Start of INPUT FOR THIS TASK

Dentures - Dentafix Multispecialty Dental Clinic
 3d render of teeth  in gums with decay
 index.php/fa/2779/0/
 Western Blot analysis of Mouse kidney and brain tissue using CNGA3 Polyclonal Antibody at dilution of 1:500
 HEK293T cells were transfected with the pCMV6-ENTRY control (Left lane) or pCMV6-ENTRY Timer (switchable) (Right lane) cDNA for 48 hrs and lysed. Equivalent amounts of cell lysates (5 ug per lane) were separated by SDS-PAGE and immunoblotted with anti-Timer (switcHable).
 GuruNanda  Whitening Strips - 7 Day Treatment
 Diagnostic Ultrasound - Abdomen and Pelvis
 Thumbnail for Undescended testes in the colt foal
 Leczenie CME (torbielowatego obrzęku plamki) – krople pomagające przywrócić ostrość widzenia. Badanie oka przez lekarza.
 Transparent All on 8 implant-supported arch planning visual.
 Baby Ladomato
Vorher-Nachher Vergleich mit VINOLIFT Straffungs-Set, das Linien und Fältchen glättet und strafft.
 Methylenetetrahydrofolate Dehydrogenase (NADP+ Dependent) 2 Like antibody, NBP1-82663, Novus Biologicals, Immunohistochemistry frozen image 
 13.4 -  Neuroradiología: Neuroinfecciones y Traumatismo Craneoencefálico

End of INPUT FOR THIS TASK

## EXERCISE BRIEF
Reproduce every record above exactly as it is written.

## EXERCISE ANSWER
Dentures - Dentafix Multispecialty Dental Clinic
 3d render of teeth  in gums with decay
 index.php/fa/2779/0/
 Western Blot analysis of Mouse kidney and brain tissue using CNGA3 Polyclonal Antibody at dilution of 1:500
 HEK293T cells were transfected with the pCMV6-ENTRY control (Left lane) or pCMV6-ENTRY Timer (switchable) (Right lane) cDNA for 48 hrs and lysed. Equivalent amounts of cell lysates (5 ug per lane) were separated by SDS-PAGE and immunoblotted with anti-Timer (switcHable).
 GuruNanda  Whitening Strips - 7 Day Treatment
 Diagnostic Ultrasound - Abdomen and Pelvis
 Thumbnail for Undescended testes in the colt foal
 Leczenie CME (torbielowatego obrzęku plamki) – krople pomagające przywrócić ostrość widzenia. Badanie oka przez lekarza.
 Transparent All on 8 implant-supported arch planning visual.
 Baby Ladomato
Vorher-Nachher Vergleich mit VINOLIFT Straffungs-Set, das Linien und Fältchen glättet und strafft.
 Methylenetetrahydrofolate Dehydrogenase (NADP+ Dependent) 2 Like antibody, NBP1-82663, Novus Biologicals, Immunohistochemistry frozen image 
 13.4 -  Neuroradiología: Neuroinfecciones y Traumatismo Craneoencefálico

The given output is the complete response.